I\'d like to merge a remote git repository in my working git repository as a subdirectory of it. I\'d like the resulting repository to contain the merged history of the two
After getting the fuller explanation of what is going on, I think I understand it and in any case at the bottom I have a workaround. Specifically, I believe what is happening is rename detection is being fooled by the subtree merge with --prefix. Here is my test case:
mkdir -p z/a z/b
cd z/a
git init
echo A>A
git add A
git commit -m A
echo AA>>A
git commit -a -m AA
cd ../b
git init
echo B>B
git add B
git commit -m B
echo BB>>B
git commit -a -m BB
cd ../a
git remote add -f B ../b
git merge -s ours --no-commit B/master
git read-tree --prefix=bdir -u B/master
git commit -m "subtree merge B into bdir"
cd bdir
echo BBB>>B
git commit -a -m BBB
We make git directories a and b with several commits each. We do a subtree merge, and then we do a final commit in the new subtree.
Running gitk (in z/a) shows that the history does appear, we can see it. Running git log shows that the history does appear. However, looking at a specific file has a problem: git log bdir/B
Well, there is a trick we can play. We can look at the pre-rename history of a specific file using --follow. git log --follow -- B. This is good but isn't great since it fails to link the history of the pre-merge with the post-merge.
I tried playing with -M and -C, but I wasn't able to get it to follow one specific file.
So, the solution, I feel, is to tell git about the rename that will be taking place as part of the subtree merge. Unfortunately git-read-tree is pretty fussy about subtree merges so we have to work through a temporary directory, but that can go away before we commit. Afterwards, we can see the full history.
First, create an "A" repository and make some commits:
mkdir -p z/a z/b
cd z/a
git init
echo A>A
git add A
git commit -m A
echo AA>>A
git commit -a -m AA
Second, create a "B" repository and make some commits:
cd ../b
git init
echo B>B
git add B
git commit -m B
echo BB>>B
git commit -a -m BB
And the trick to making this work: force Git to recognize the rename by creating a subdirectory and moving the contents into it.
mkdir bdir
git mv B bdir
git commit -a -m bdir-rename
Return to repository "A" and fetch and merge the contents of "B":
cd ../a
git remote add -f B ../b
git merge -s ours --no-commit B/master
# According to Alex Brown and pjvandehaar, newer versions of git need --allow-unrelated-histories
# git merge -s ours --allow-unrelated-histories --no-commit B/master
git read-tree --prefix= -u B/master
git commit -m "subtree merge B into bdir"

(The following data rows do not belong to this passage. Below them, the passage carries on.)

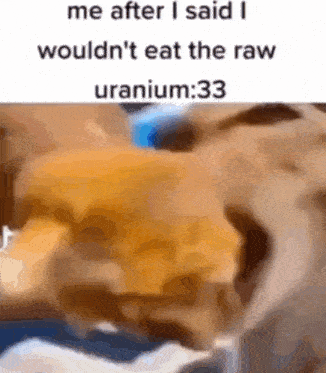 Cat Uranium GIF - Cat Uranium Silly GIFs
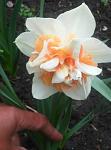     
: IMG_20190414_145615.jpg
: 18
:	59.2 
ID:	13097705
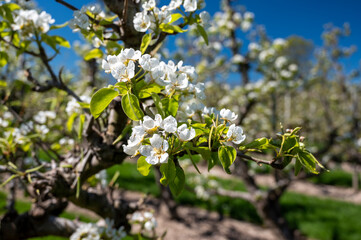 Spring white blossom of pear tree, fruit orchards in Betuwe, Netherlands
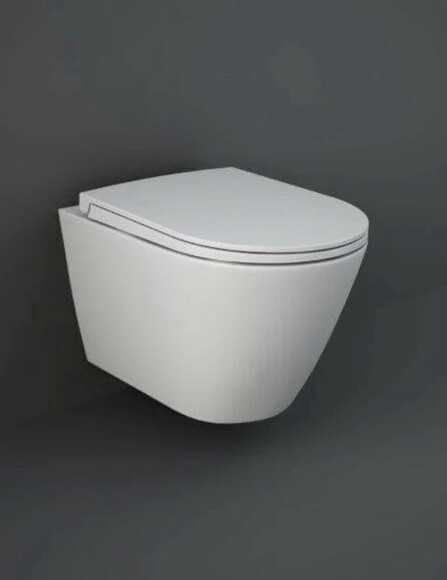 Сидіння і кришка для унітазу RAK Ceramics Feeling Sanitaryware (RSTSC3901500) фото 2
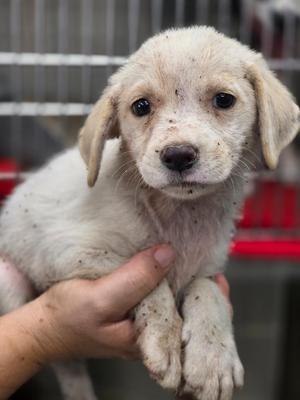 Allie, Australian Shepherd / Mixed Breed, puppy, available for adoption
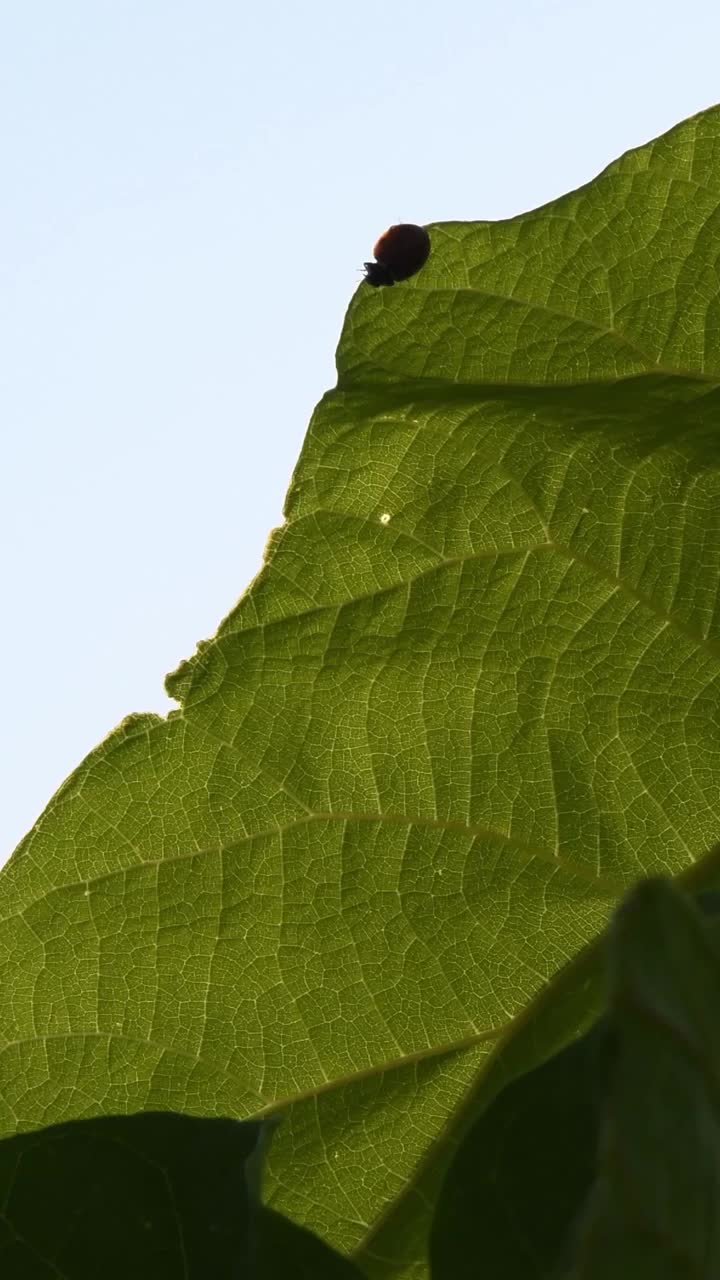 泡桐树叶上的瓢虫在金色的日落与太阳耀斑中摇曳视频素材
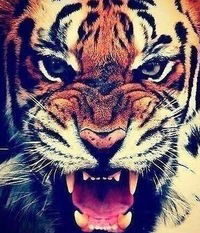 Давит Испирян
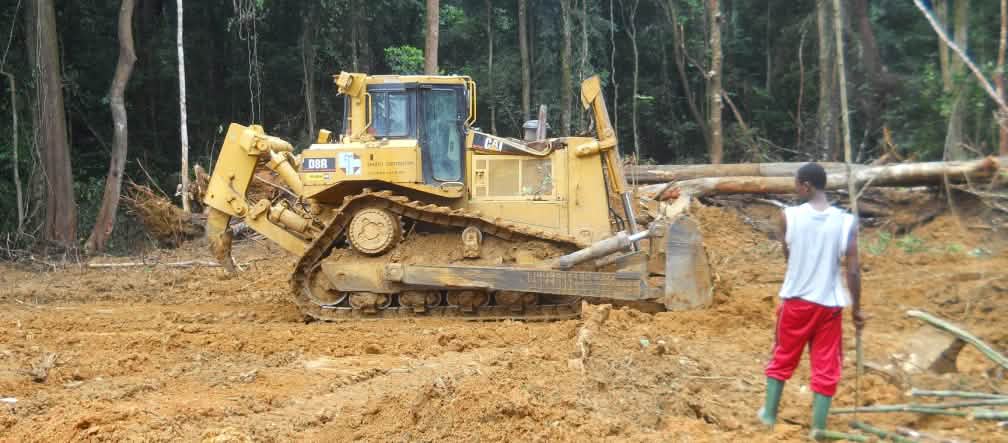 Huile de palme: les spéculateurs dévastent la forêt tropicale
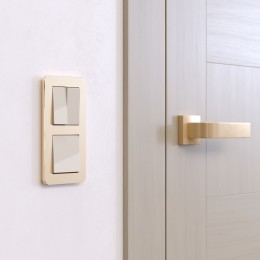 W0022611 Рамка на 2 поста (шампань) Platinum Werkel a059214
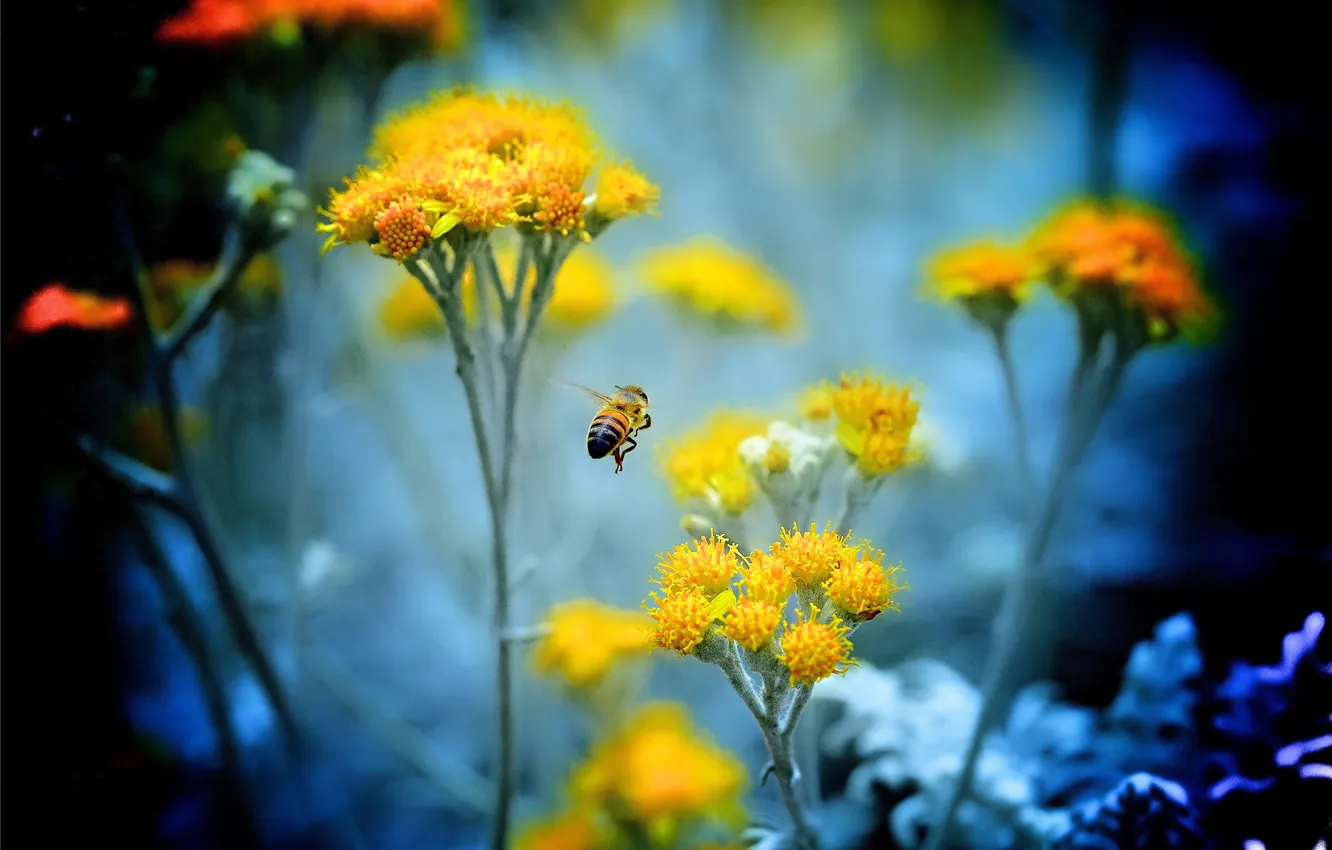 Фото обои цветы, пчела, растение, насекомое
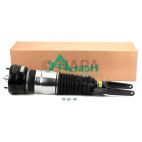 Suspension Strut Assembly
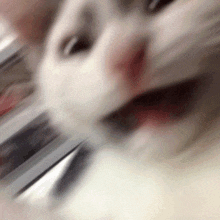 Geminishocked Geminimeme GIF - Geminishocked Geminimeme Cats GIFs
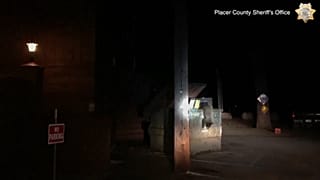 پس از ناکامی خرس‌ها در عملیات نجات،‌ پلیس توله خرس را از سطل آشغال نجات داد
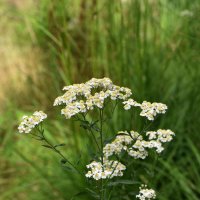 Řebříček bertrám (Achillea ptarmica) – photoPOU / Shutterstock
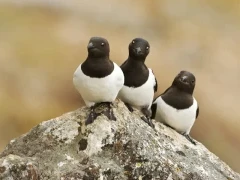A trio of little auk on a rock in Svalbard.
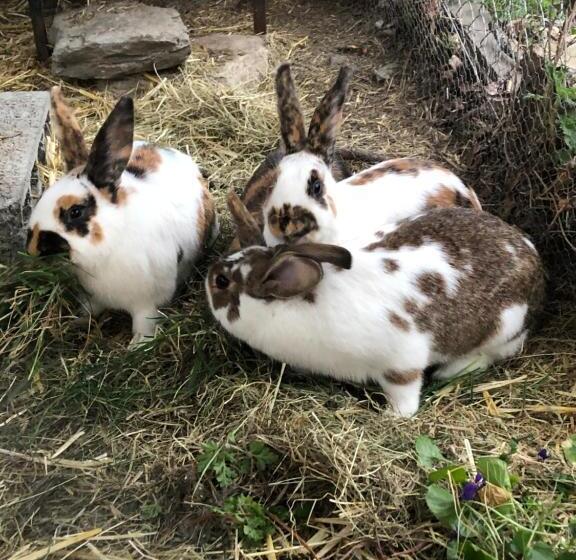 צימר Domaine Bellevie Bnb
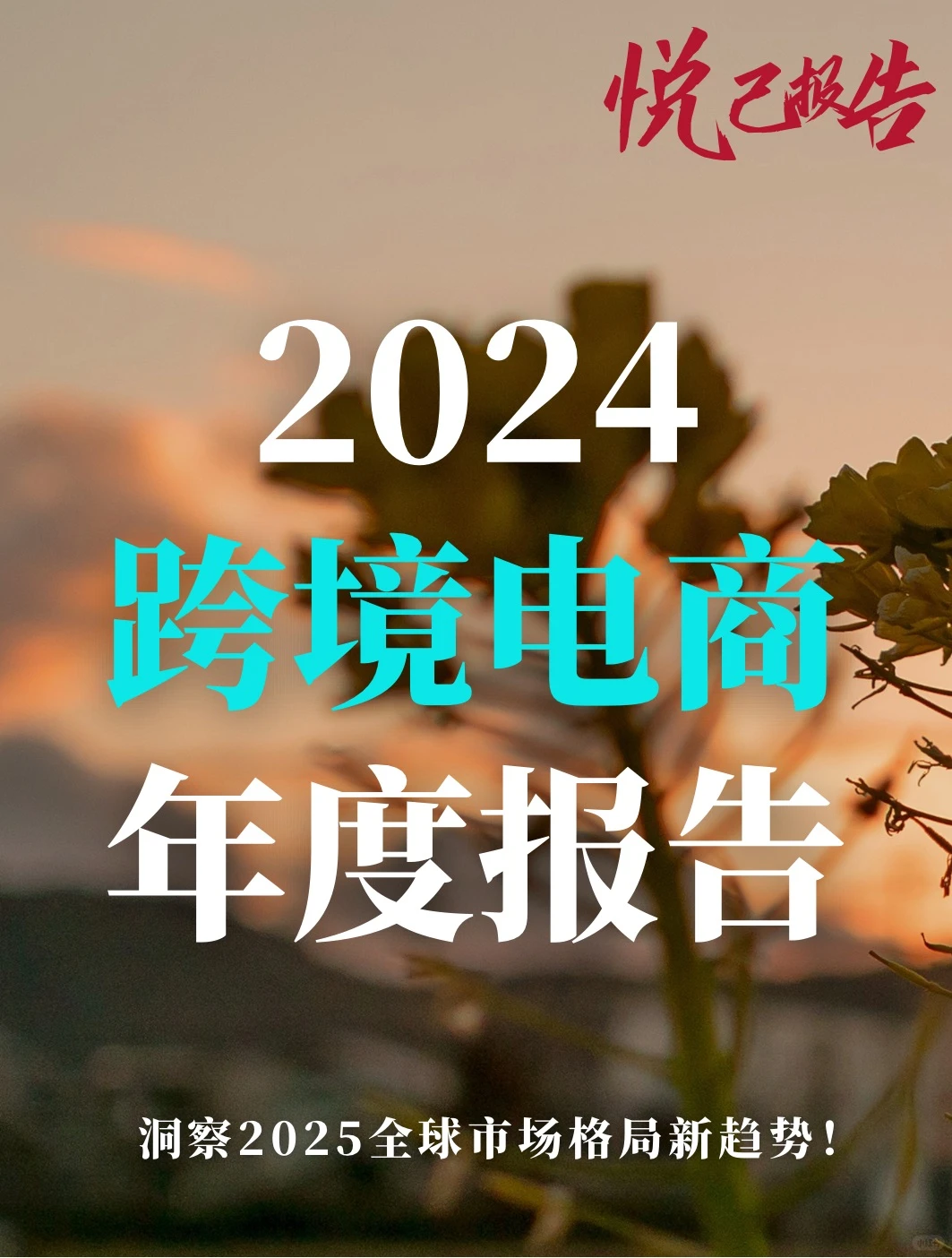全球出海:2024跨境电商行业年度报告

To show that they're now merged:
cd bdir
echo BBB>>B
git commit -a -m BBB
To prove the full history is preserved in a connected chain:
git log --follow B
We get the history after doing this, but the problem is that if you are actually keeping the old "b" repo around and occasionally merging from it (say it is actually a third party separately maintained repo) you are in trouble since that third party will not have done the rename. You must try to merge new changes into your version of b with the rename and I fear that will not go smoothly. But if b is going away, you win.